▸ About this task:
Pictures in the material below are to be left out, and only the lines from the line with "Graffiti Monster Characters" up to and including the line with "Kariban | Žakárová" are to be written out exactly.

▸ Exercise input:
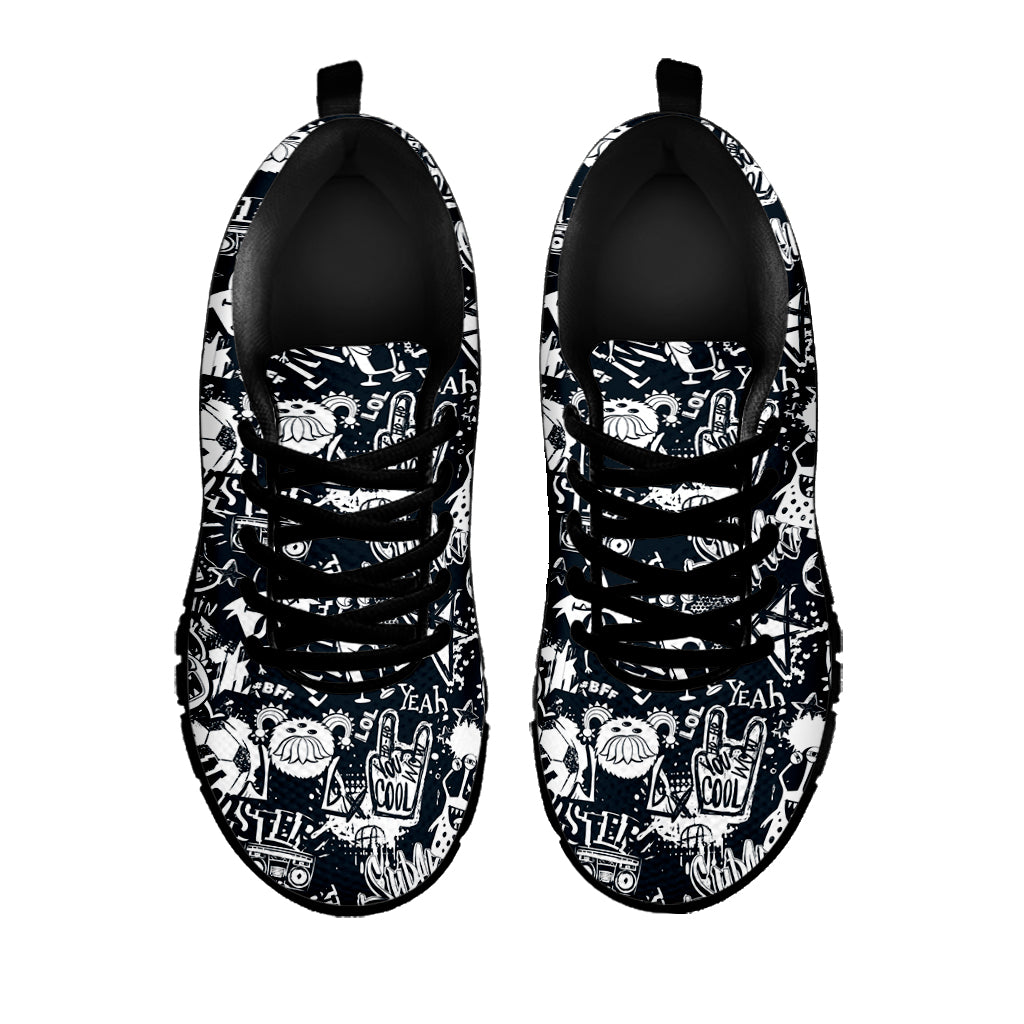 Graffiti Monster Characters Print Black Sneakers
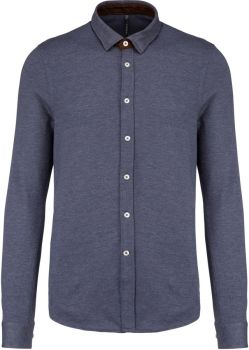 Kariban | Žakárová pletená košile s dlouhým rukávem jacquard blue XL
--
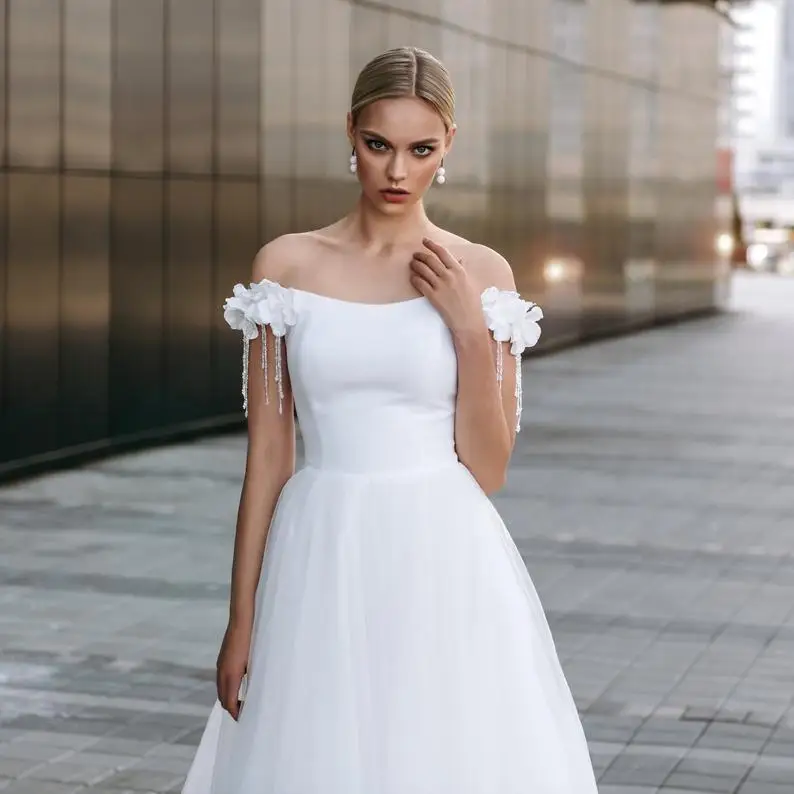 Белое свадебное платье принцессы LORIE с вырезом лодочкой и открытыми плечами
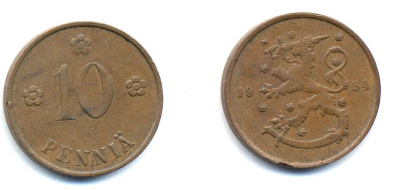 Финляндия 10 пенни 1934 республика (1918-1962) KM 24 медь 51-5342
...
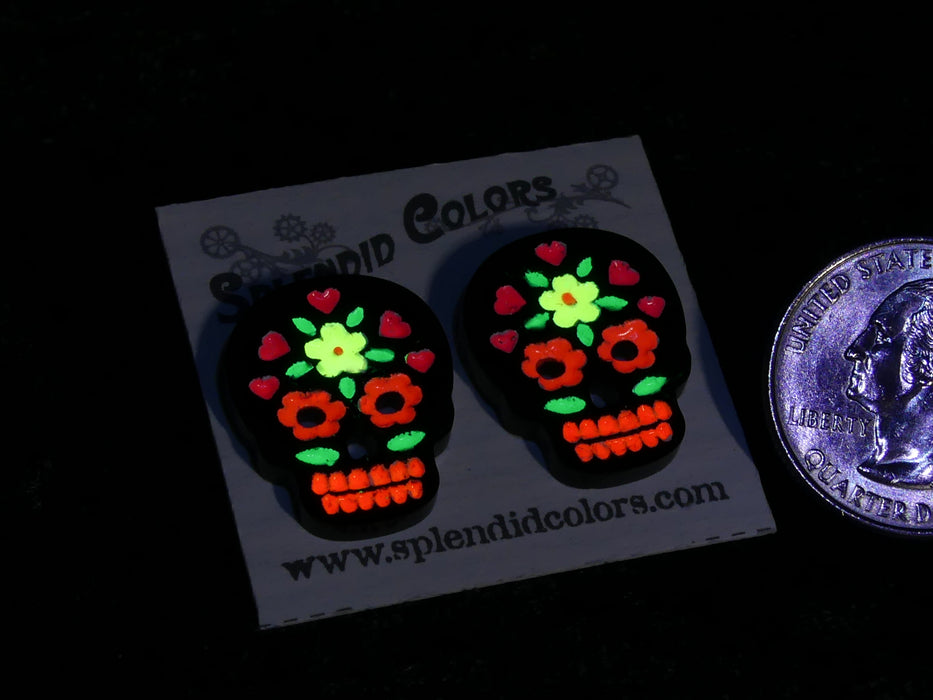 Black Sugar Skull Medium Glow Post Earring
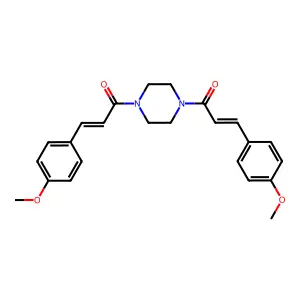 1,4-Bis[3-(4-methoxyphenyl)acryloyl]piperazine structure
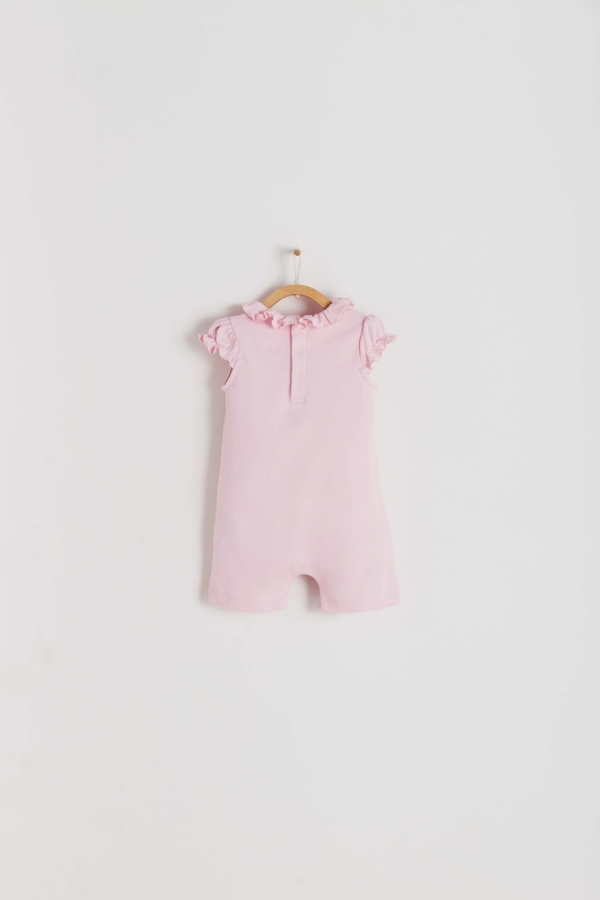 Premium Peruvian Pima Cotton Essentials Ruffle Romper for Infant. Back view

▸ Result for this exercise:
 Graffiti Monster Characters Print Black Sneakers
 Kariban | Žakárová pletená košile s dlouhým rukávem jacquard blue XL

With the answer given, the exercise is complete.